◆ Records supplied:

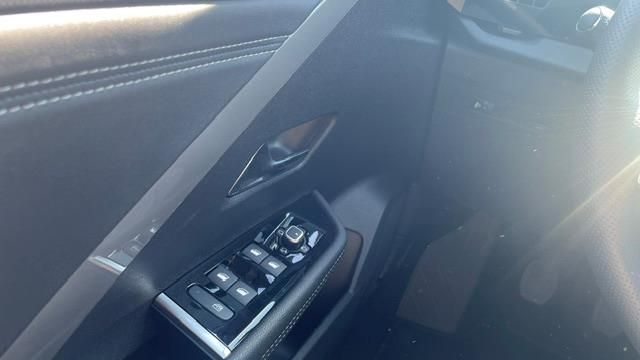 Autohaus Franke & Ebert - Opel Astra 5-türig GS 360-Grad-Kamera+ SHZ+LHZ+PP+LED - Bild 6 Autohaus Franke & Ebert - Opel Astra 5-türig GS 360-Grad-Kamera+ SHZ+LHZ+PP+LED - Bild 6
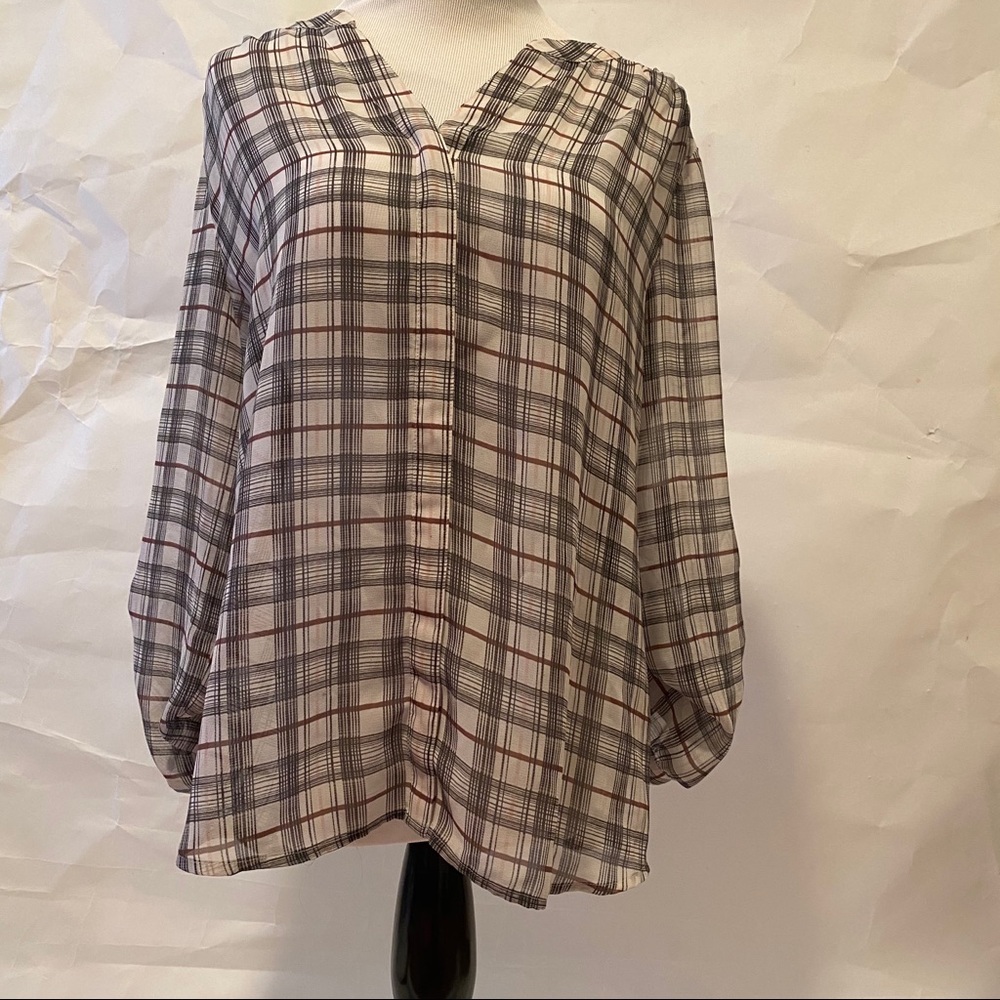 LOFT top size large petite - Picture 2 of 6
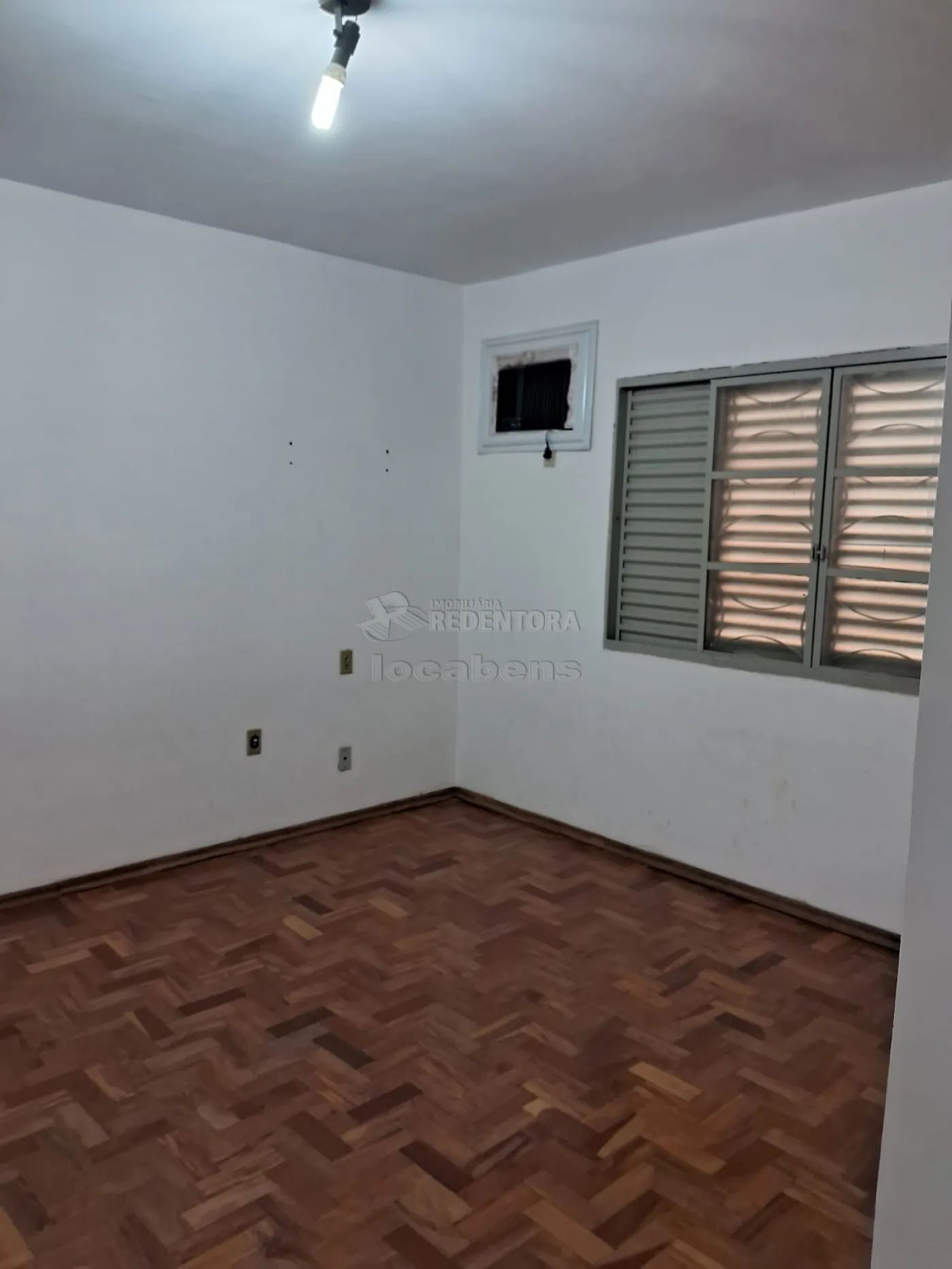 Apartamento para alugar com 3 quartos, 90m² - Foto 15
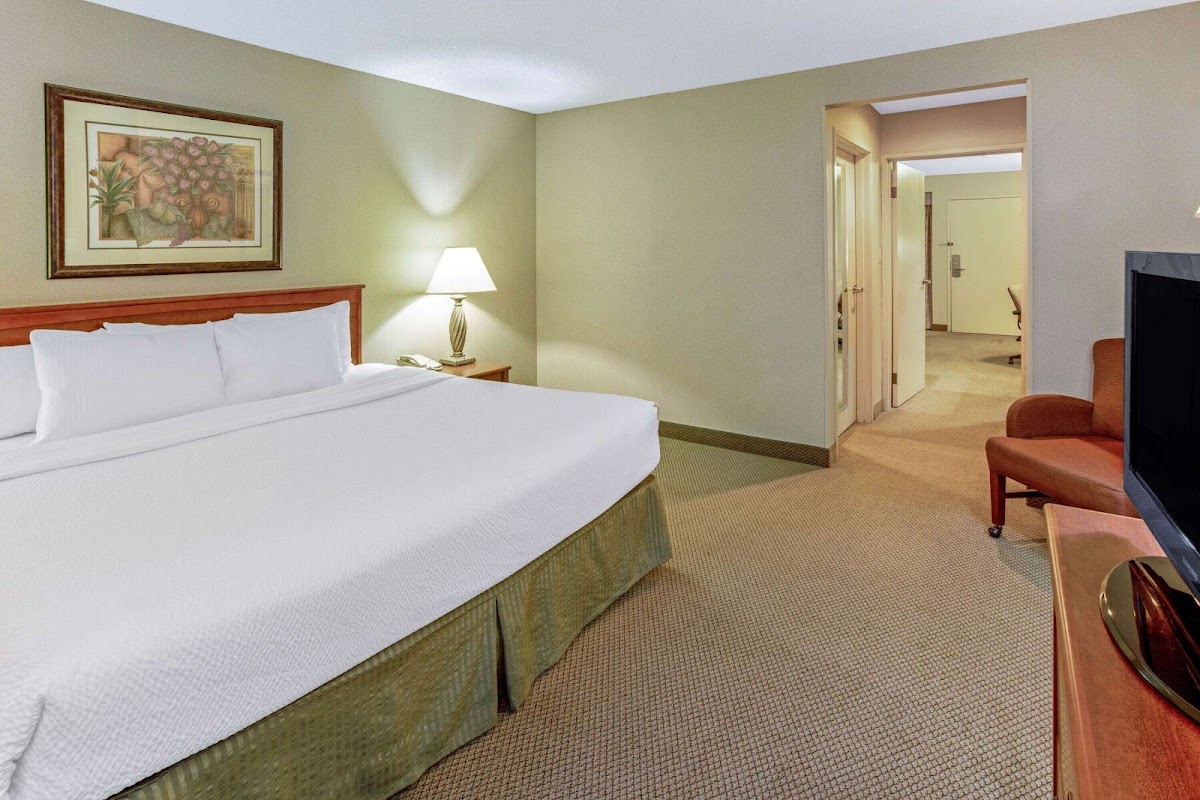 La Quinta Inn & Suites by Wyndham Appleton College Avenue photo 2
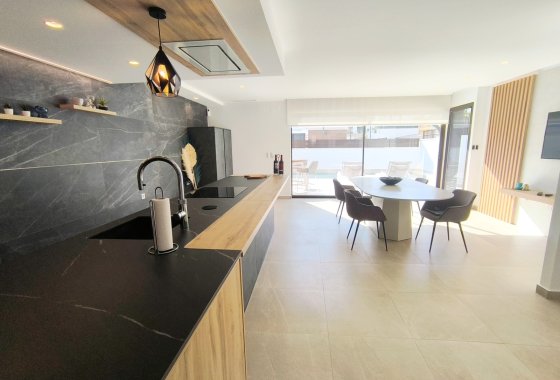 Re-Sale - Semi - Detached Villa - Algorfa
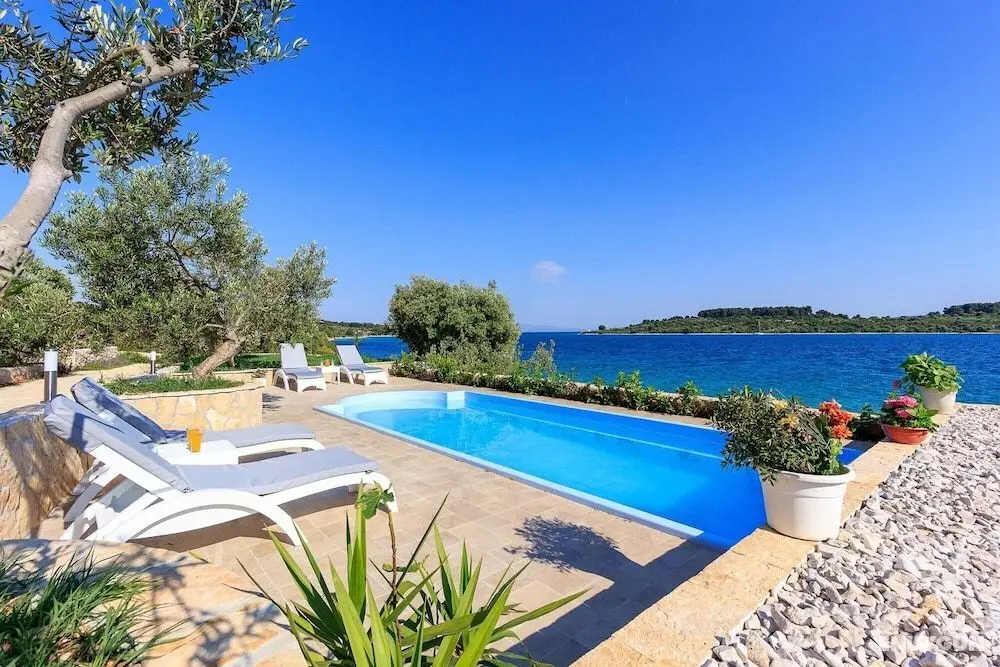 Beachfront Luxury Villa w. Pool & Large Garden - Öne Çıkan Resim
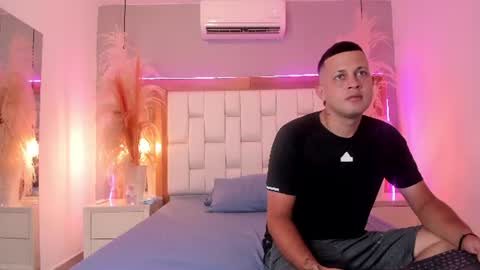 Aylin and Damian online show from July 31, 2:33 am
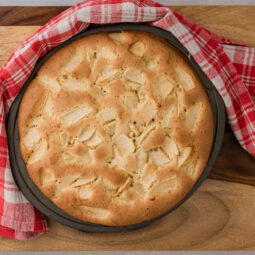 Jablkový koláč z panvice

◆ Task item: Begin with the line containing "Beachfront Luxury Villa" and end with the last line of the entries above. Copy those lines exactly, both ends included, and drop every picture.

◆ Task result:
 Beachfront Luxury Villa w. Pool & Large Garden - Öne Çıkan Resim
 Aylin and Damian online show from July 31, 2:33 am
 Jablkový koláč z panvice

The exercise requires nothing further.